Si vous ajoutez à cela la novlangue qui la caractérise, héritage des années 80, symbole de "l'ère du vide" des années "frics", la communication -matinée de marketing publicitaire sur fond de "pensée power point"- ne semble plus parler qu'à elle-même. Et les agences de publicité ne sont pas dupes. Dans un petit spot datant du début des années 2000, l'une d'entre elles, décrit le métier de ces communicants -slash- publicitaires, non sans cynisme : "Dans la publicité, on dit qu'on travaille dans la com'. Mais dans la com', on ne dit rien".

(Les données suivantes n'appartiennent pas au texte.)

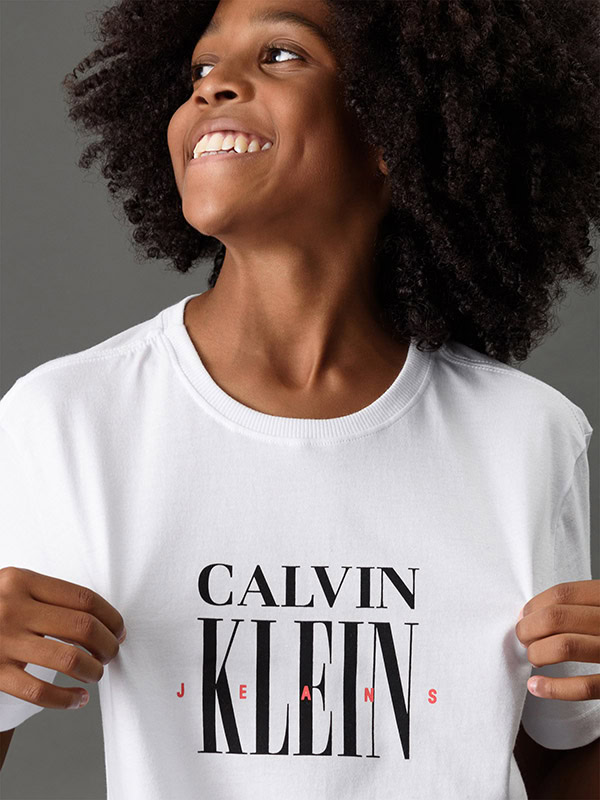 camta boy logo serif font lavanda camta boy logo serif font lavanda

Pour autant, la communication est-elle assimilable à de la publicité ou du marketing ? Non, bien évidemment. En revanche, derrière ce mot-valise, insipide et galvaudé, des dizaines de métiers différents se cachent. Ils n'ont pourtant rien en commun. La preuve ? La communication nécessite en permanence d'être qualifiée. On parle de communication de "crise" pour la gestion des risques, de communication "corporate" pour l'image des entreprises, de communication "politique" pour les affaires publiques... Je passe le florilège des nouveaux métiers liés au numérique.

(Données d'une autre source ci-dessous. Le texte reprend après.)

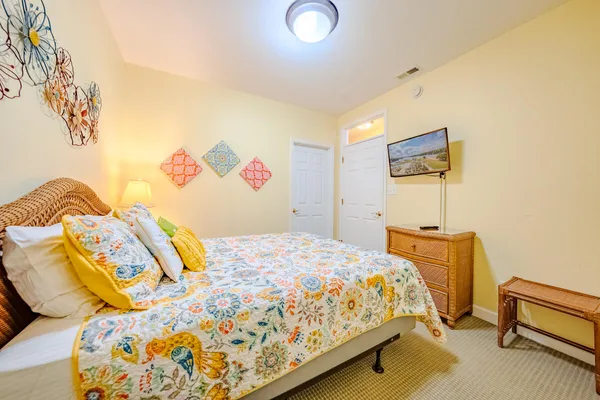 $645,000 | 1217 Graves Harbor Trail, Unit 122, Huddleston, VA 24104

"Faire de la pédagogie", ce mantra de communicants
Bien sûr, communiquer est essentiel pour être entendu dans ce flot continu de messages cathodiques. Non pour se formater, mais bien au contraire, pour révéler ses aspérités et tenter de faire passer son message singulier. "La forme c'est le fond qui remonte à la surface" disait Victor Hugo. Seul problème, la langue des politiques et des entreprises, façonnée à force de mediatraining par les communicants s'est vidée de son sens. Elle ne dit plus rien. Faire de la "pédagogie", ce mantra de conseiller en communication, revient à infantiliser une fois de plus l'opinion. Ce n'est pas tant que les explications manquent, c'est surtout l'absence de vision qui fait aujourd'hui cruellement défaut.

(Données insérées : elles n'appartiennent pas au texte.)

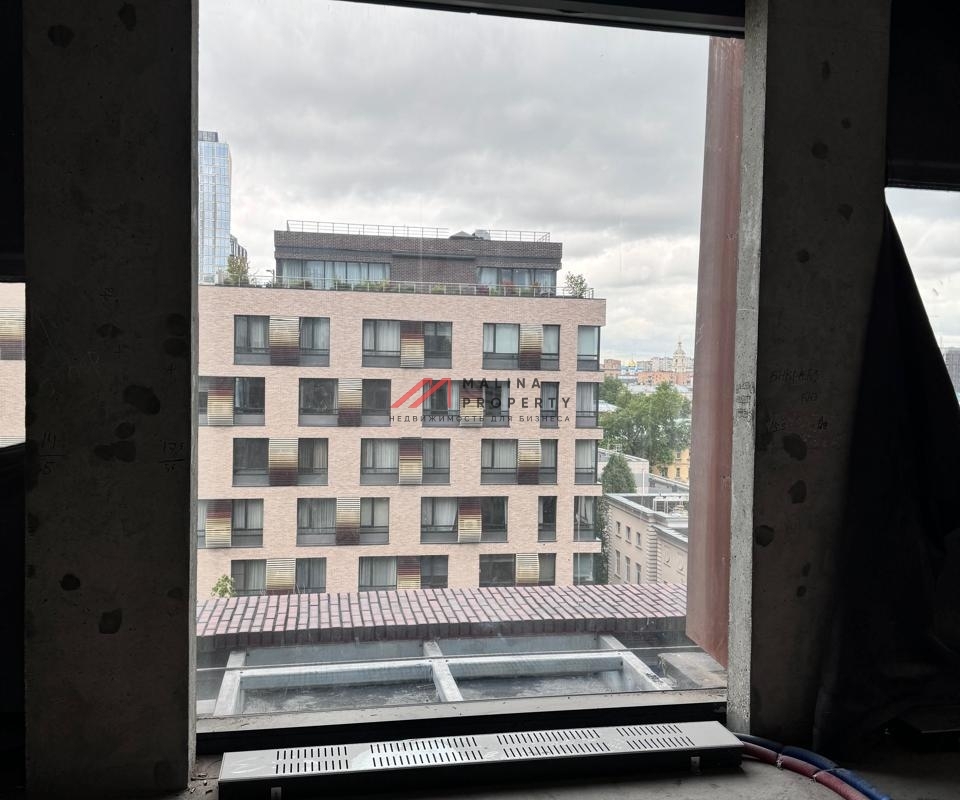 Продажа офисного помещения в БЦ Taller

S'il faut penser en politiques et agir en communicants, jamais l'inverse, pour certains, la communication est aujourd'hui intrinsèquement liée à l'action. Bille en tête, Manuel Valls. Il s'en explique le 4 avril en marge du premier conseil des ministres, comme le rappelle Le Monde :
« Dans nos démocraties modernes, la communication n'est pas un vain mot. Elle est le véhicule de l'action, de la réforme au service de l'intérêt général. L'action politique doit donc être conduite dans une parfaite intégration des contraintes de la communication. A l'heure des chaînes d'information continue et des réseaux sociaux, maîtriser le message adressé aux Français demande le plus grand professionnalisme. Les ministres y veilleront, et il m'appartiendra de coordonner et de valider la communication gouvernementale. »
Pour lui, la communication doit être "performative", au sens de John Austin. Dans son ouvrage "Quand dire c'est faire", le philosophe explique que produire l'énonciation c'est exécuter l'action. Que Manuel Valls soit un professionnel de la communication, qu'il s'adresse directement à tous les Français, tout le monde le reconnaît, et c'est effectivement essentiel. Mais le problème est ailleurs. Abyssal. Il tient en quelques mots : le dialogue est rompu avec l'opinion.
A l'heure des réseaux sociaux, la communication des entreprises et des dirigeants ne peut plus être descendante et donc infantilisante. Un dialogue nourri et continu doit s'engager. Les rôles d'émetteur et de récepteur doivent se confondre pour devenir interchangeables. Les règles dévolues au dialogue énumérées par Platon nécessitent d'être réhabilitées à l'aune de notre agora numérique : écouter, accepter l’objection, ne pas se contredire, être prêt à reconnaître ses erreurs... Du bon sens, en somme. Plus vivante, moins dogmatique, cette nouvelle forme de dialogue implique un partage d'idées plus qu'une simple démonstration pédagogique.
Alors enfin, la communication servira peut-être l'action.